### MATERIAL FOR THE TASK
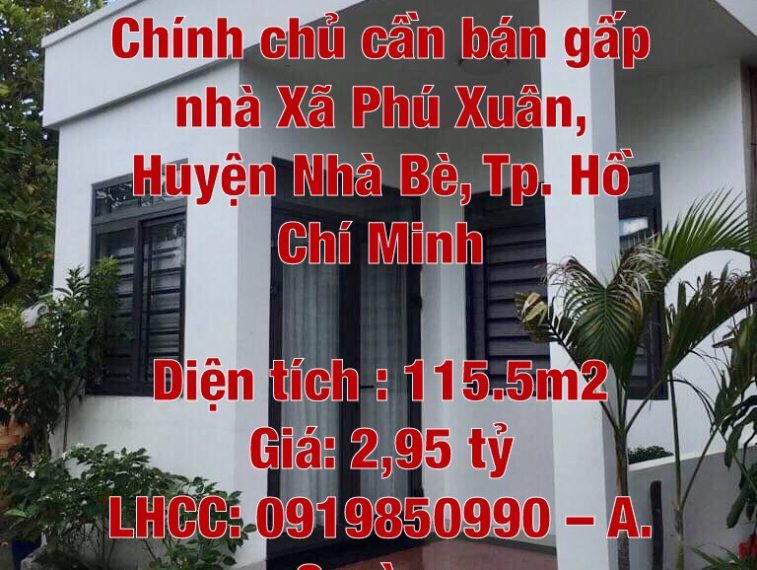 Chính chủ cần bán gấp nhà Xã Phú Xuân, Huyện Nhà Bè, Tp. Hồ Chí Minh 10510193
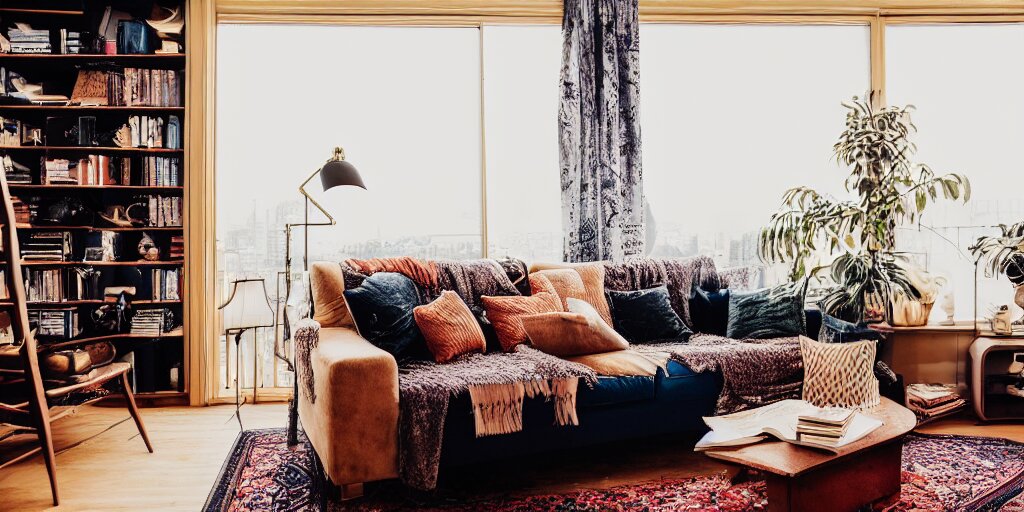 insanely detailed wide angle photograph, atmospheric, award winning interior design living room, cat, dusk, cozy and calm, fabrics and textiles, colorful accents, brass, copper, secluded, many light sources, lamps, hardwood floors, book shelf, couch, desk, balcony door, plants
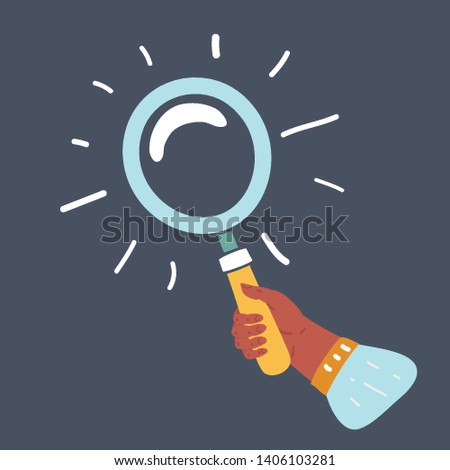 Cartoon vector illustration of hand holding magnifier on dark background. Research concept on dark background.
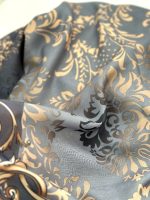 روسری نخی مدل حسناترکیب رنگ نوک مدادی کرم - Image 2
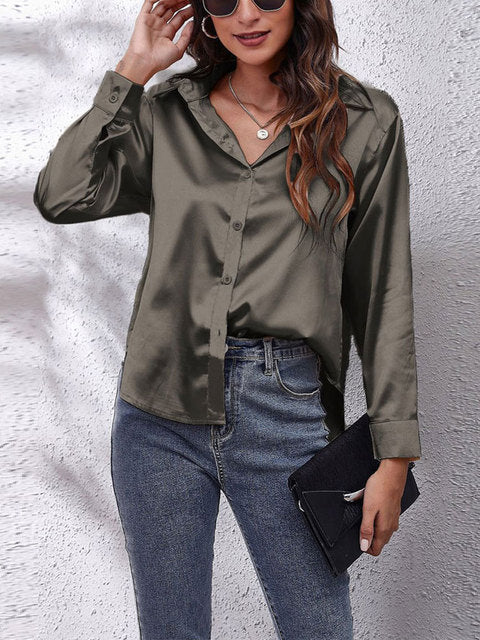 Elegant Satin Long Sleeve Shirt for Women with Collar Button Front Relaxed Silky Style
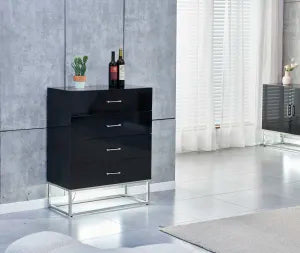 Commode Alya laquée avec pieds chromés et éclairage LED – 80 cm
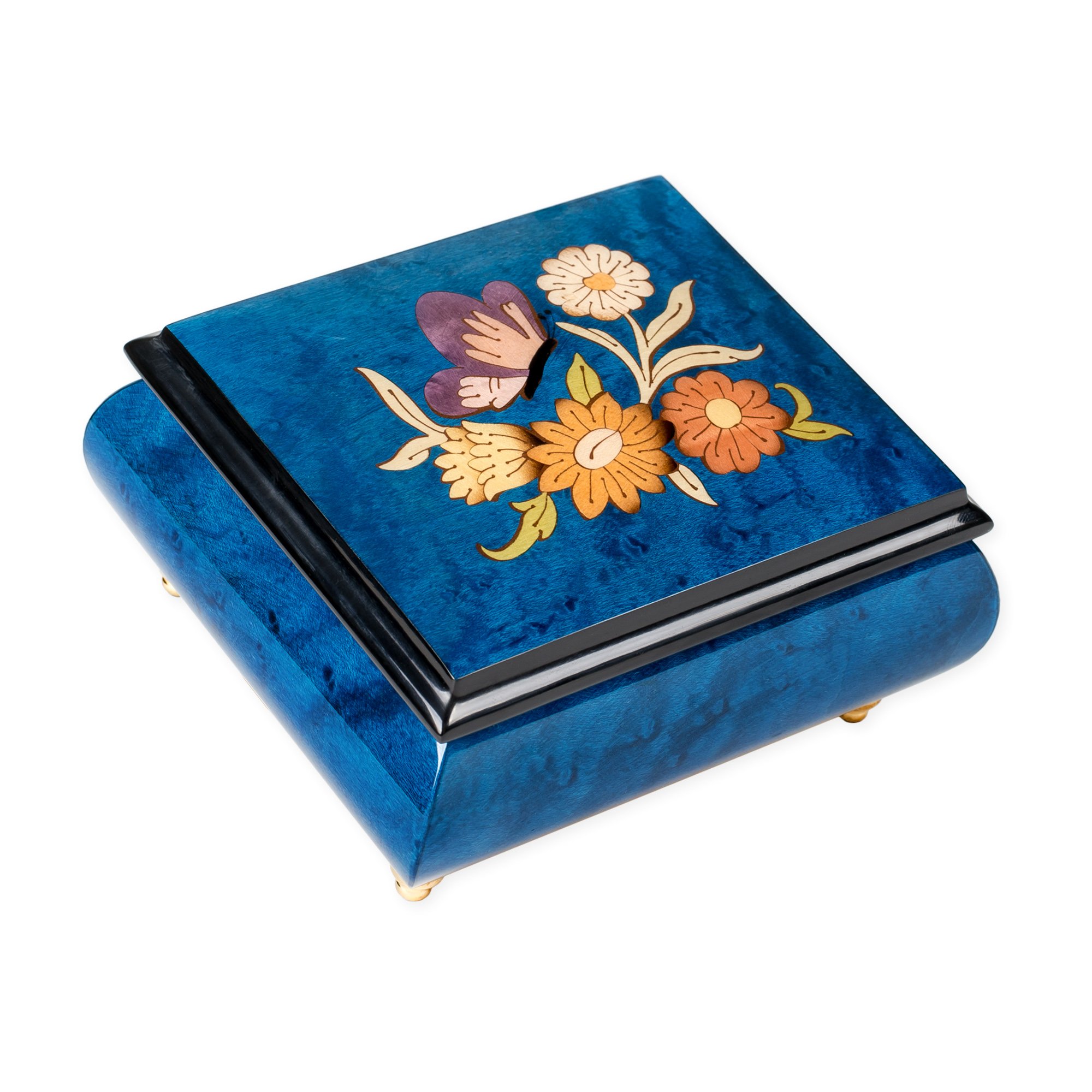 Blu scuro farfalla italiana realizzata a mano in legno di olmo Musical box plays Tune Blue Danube Waltz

### WORK INSTRUCTION
The records above must be retyped exactly. Please omit the pictures.

### EXERCISE RESPONSE
 Chính chủ cần bán gấp nhà Xã Phú Xuân, Huyện Nhà Bè, Tp. Hồ Chí Minh 10510193
 insanely detailed wide angle photograph, atmospheric, award winning interior design living room, cat, dusk, cozy and calm, fabrics and textiles, colorful accents, brass, copper, secluded, many light sources, lamps, hardwood floors, book shelf, couch, desk, balcony door, plants
 Cartoon vector illustration of hand holding magnifier on dark background. Research concept on dark background.
 روسری نخی مدل حسناترکیب رنگ نوک مدادی کرم - Image 2
 Elegant Satin Long Sleeve Shirt for Women with Collar Button Front Relaxed Silky Style
 Commode Alya laquée avec pieds chromés et éclairage LED – 80 cm
 Blu scuro farfalla italiana realizzata a mano in legno di olmo Musical box plays Tune Blue Danube Waltz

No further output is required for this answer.